BST vs Hash Map Trade-offs for Ordered Data in DSA Javascript - Complexity Comparison
We want to understand how fast different data structures work when we store and find data in order.
Which one is better for ordered data: a Binary Search Tree or a Hash Map?
Analyze the time complexity of these basic operations on BST and Hash Map.
// Insert and search in Binary Search Tree (BST)
function bstSearch(root, value) {
if (!root || root.value === value) return root;
if (value < root.value) return bstSearch(root.left, value);
else return bstSearch(root.right, value);
}
// Insert and search in Hash Map
const map = new Map();
map.set(key, value); // insert
map.get(key); // search
This code shows how we search in a BST using recursion and how we insert/search in a Hash Map.

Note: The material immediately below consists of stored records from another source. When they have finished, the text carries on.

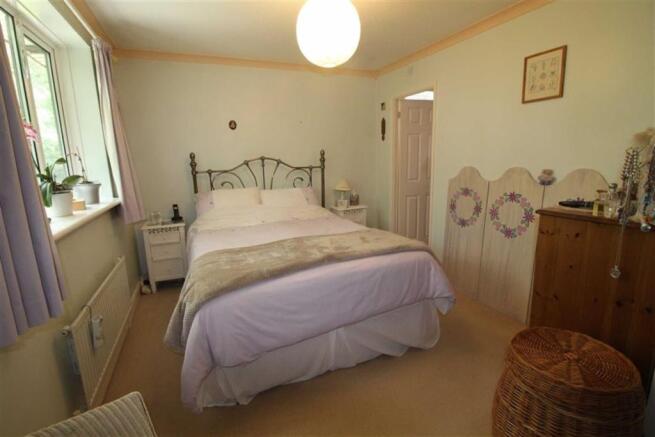 UTILLITY ROOM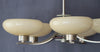 Taklampa Art Deco 1930-tal Nr A701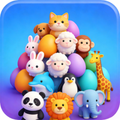 Triple Master: 3D Match stack最新版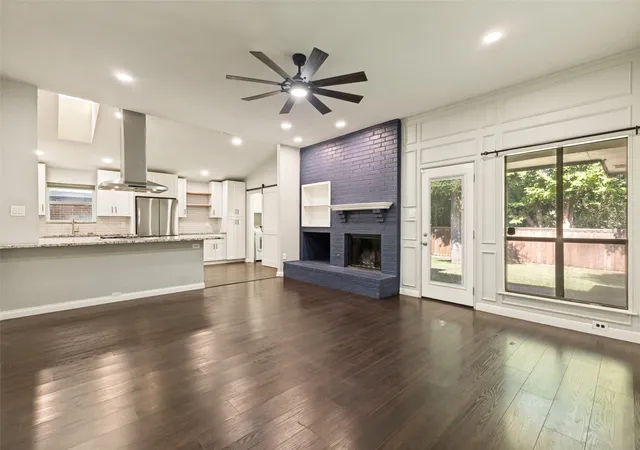 Photo 4 of Single family home for sale at 3010 Rambling Dr, Dallas, TX 75228 | MLS# 21345315 | Listing updated on 2026-10-05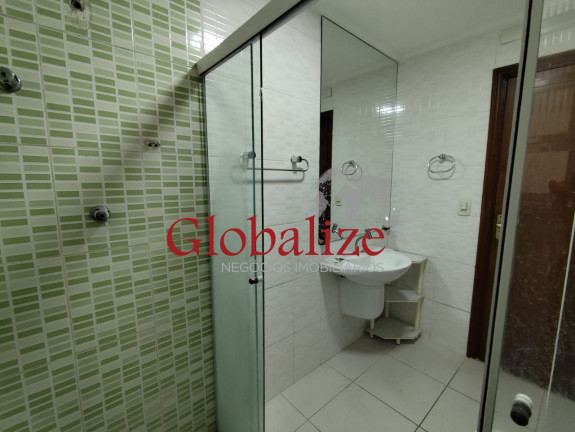 Imagem Imóvel com 3 Quartos à Venda, 79 m² em Gonzaga - Santos Imagem Imóvel com 3 Quartos à Venda, 79 m² em Gonzaga - Santos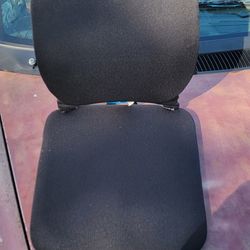 Generic Mc Carty's Sacro-Ease BRSM-BLK Standard Model, Black  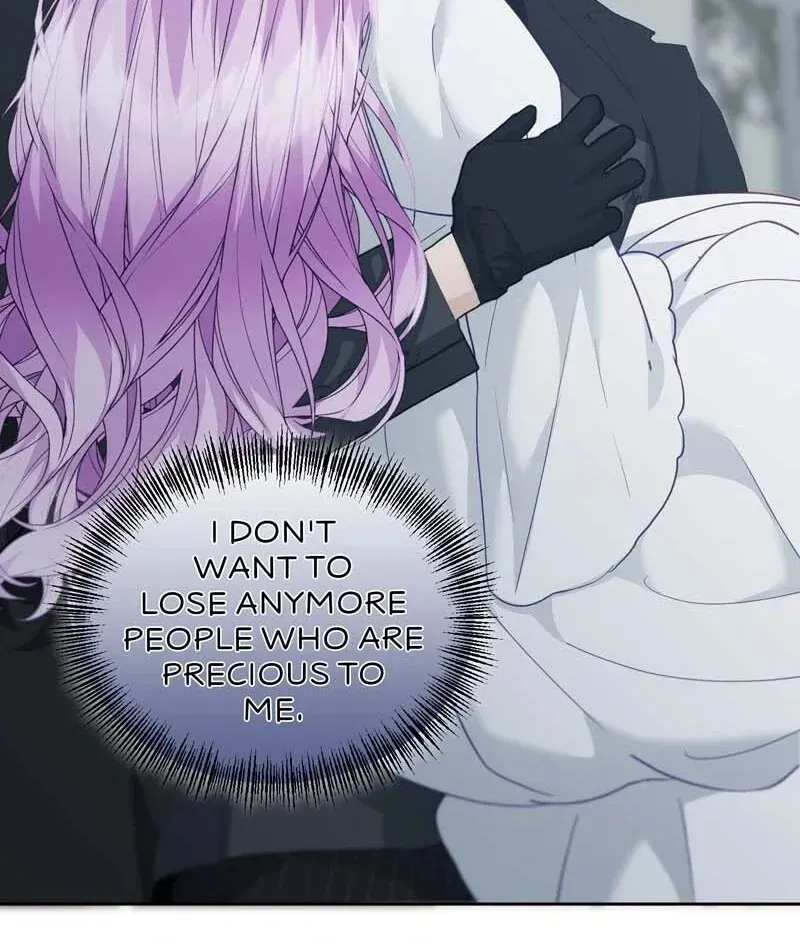 The Cursed Prince and His Clairvoyant Maid Chapter 54 Online - página 21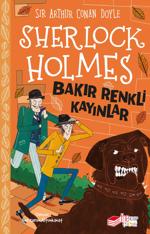 Men genel Sherlock Holmes - Bakır Renkli Kayınlar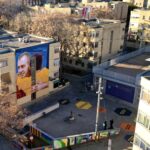 Johan Cruijff Instagram – The Johan Cruyff Foundation continues to transform urban spaces so that children and young people can play in the street! 👊🏼 #CruyffLegacy La Florida (Hospitalet de Llobregat)
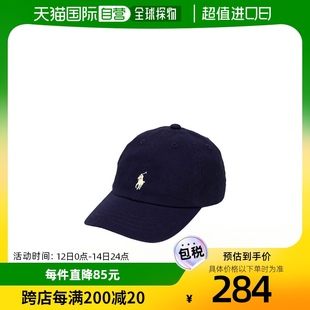 Lauren 徽标帽子 Ralph 香港直邮Polo 320552489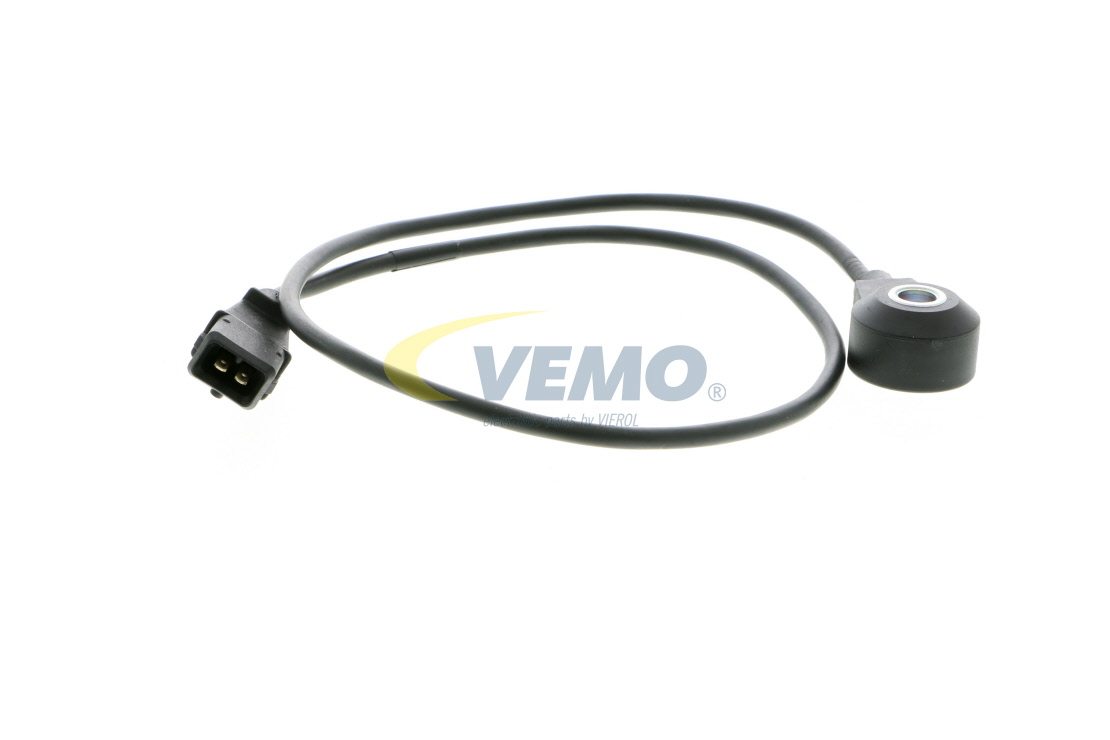 VEMO V40-72-0434 Knock sensor VAUXHALL Cavalier Mk3 CC (J89) 2.5 V6 170 hp Petrol 1991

Look at what repeats when we search or insert:
- Primary operation in BST: Comparing values and moving down one child node.
- How many times: Up to the height of the tree (number of levels).
- Primary operation in Hash Map: Computing a hash and accessing a bucket.
- How many times: Usually once, but sometimes more if collisions happen.
As we add more data (n):
| Input Size (n) | BST Operations (height) | Hash Map Operations |
|---|---|---|
| 10 | About 4 steps | Usually 1 step |
| 100 | About 7 steps | Usually 1 step |
| 1000 | About 10 steps | Usually 1 step |
BST steps grow slowly with input size (logarithmic), Hash Map steps stay almost the same.
Time Complexity: O(log n) for BST (balanced), O(1) average for Hash Map
BST takes more steps as data grows but keeps order; Hash Map is faster but does not keep order.
[X] Wrong: "Hash Maps always work in constant time no matter what."
[OK] Correct: Sometimes many keys hash to the same spot, making operations slower. Also, Hash Maps don't keep data sorted.
Knowing when to use BST or Hash Map shows you understand trade-offs between speed and order, a key skill in coding interviews.
What if we used a balanced BST like an AVL tree instead of a simple BST? How would the time complexity change?